If I were a programmer, I’d probably prefer to be maintaining some ancient language that entire city is dependent on me maintaining. Those languages never die.
Coding sucks! Learn Physical Sciences.
I thought I was succeeding in moving away from COBOL programming at my old job. Then Y2K came around, and I was put on that team, and they didn’t know what to do with me after. The group I might have worked with had moved on without me.
COBOL and Fortran live on.
>>> If I were a programmer, Id probably prefer to be maintaining some ancient language that entire city is dependent on me maintaining. Those languages never die.
I have 14 years in Sys370 mainframe assembler.
That was 20 years ago.... After Y2K, couldn’t find another job.

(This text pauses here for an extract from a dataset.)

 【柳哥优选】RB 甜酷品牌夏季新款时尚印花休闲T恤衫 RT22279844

Been cleaning carpets since.
“”If I were a programmer, Id probably prefer to be maintaining some ancient language that entire city is dependent on me maintaining. Those languages never die.””

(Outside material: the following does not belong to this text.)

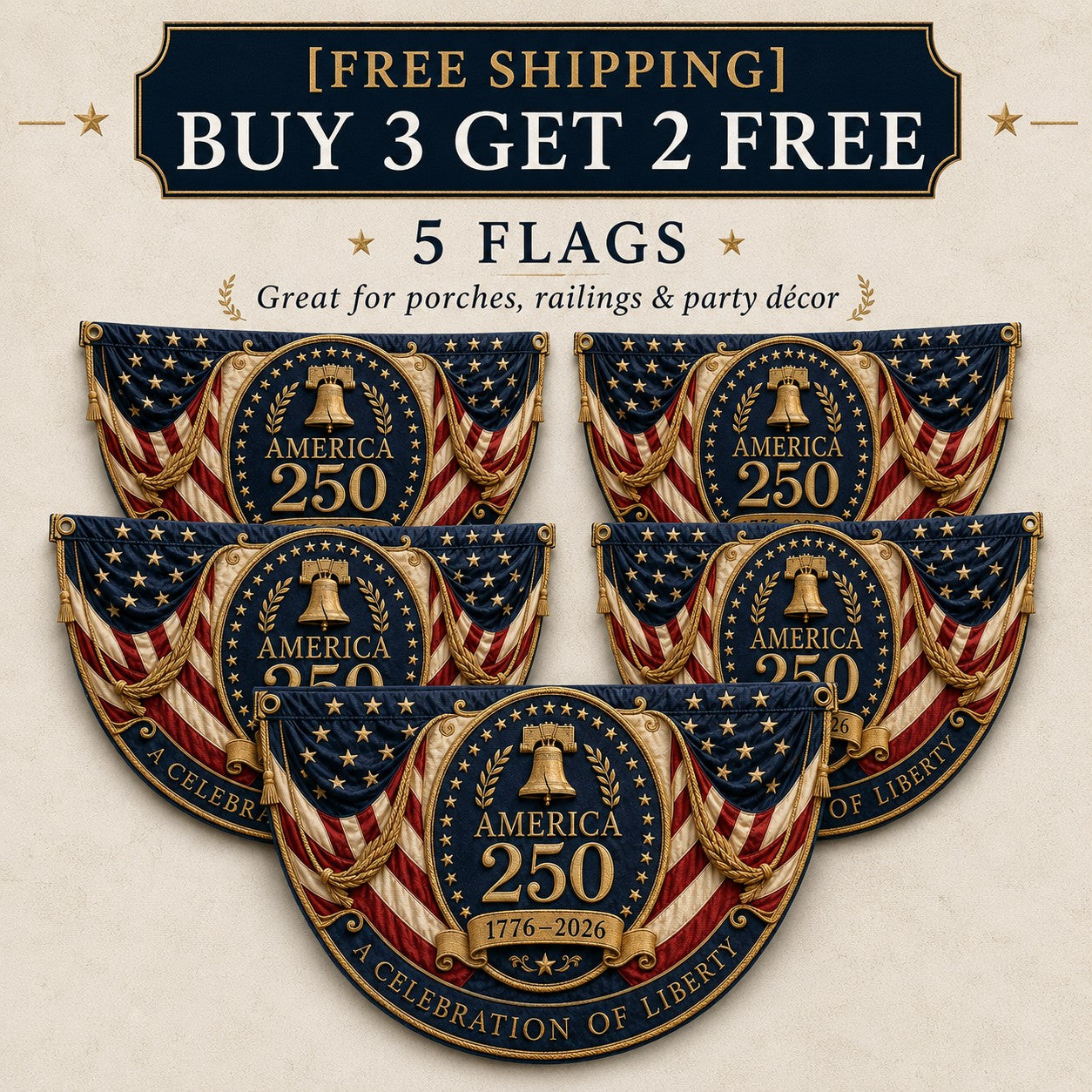 🇺🇸America 250 Fan Bunting Flag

RPGILE has been very good to me.
Dilbert cartoon strip used to have a story line about the “legacy” computer in the basement that no one knew anything about but was critical to everything else they ran. It was hysterical.

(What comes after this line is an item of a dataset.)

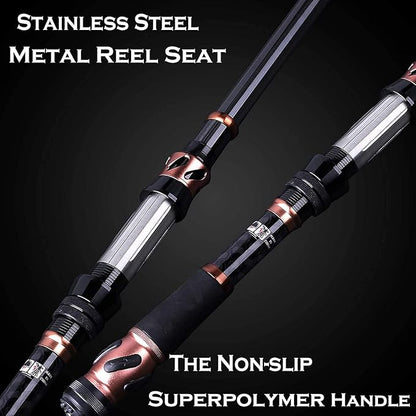 PLUSINNO Fishing Rod and Reel Combos - Carbon Fiber Telescopic Fishing Pole - Spinning Reel 12 +1 Shielded Bearings Stainless Steel BB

There are 80 year old COBOL guys still working, because theyve pulled them out of retirement.
Still, I dont think Id recommend someone spend any time learning COBOL.
I made very good money doing COBOL Y2K code remediation in 1999. Haven’t touched a line of COBOL since.
Nonetheless, just last week I got a call out of the blue from a headhunter who was trying very hard to talk me into coming out of retirement to take a COBOL programming job. It seems that government agencies and financial institutions all over the country are just now realizing they’re dependent on millions of lines of decades-old COBOL code, and there’s a real shortage of people who can write or maintain it.
I’ll admit, for a few minutes, I was tempted.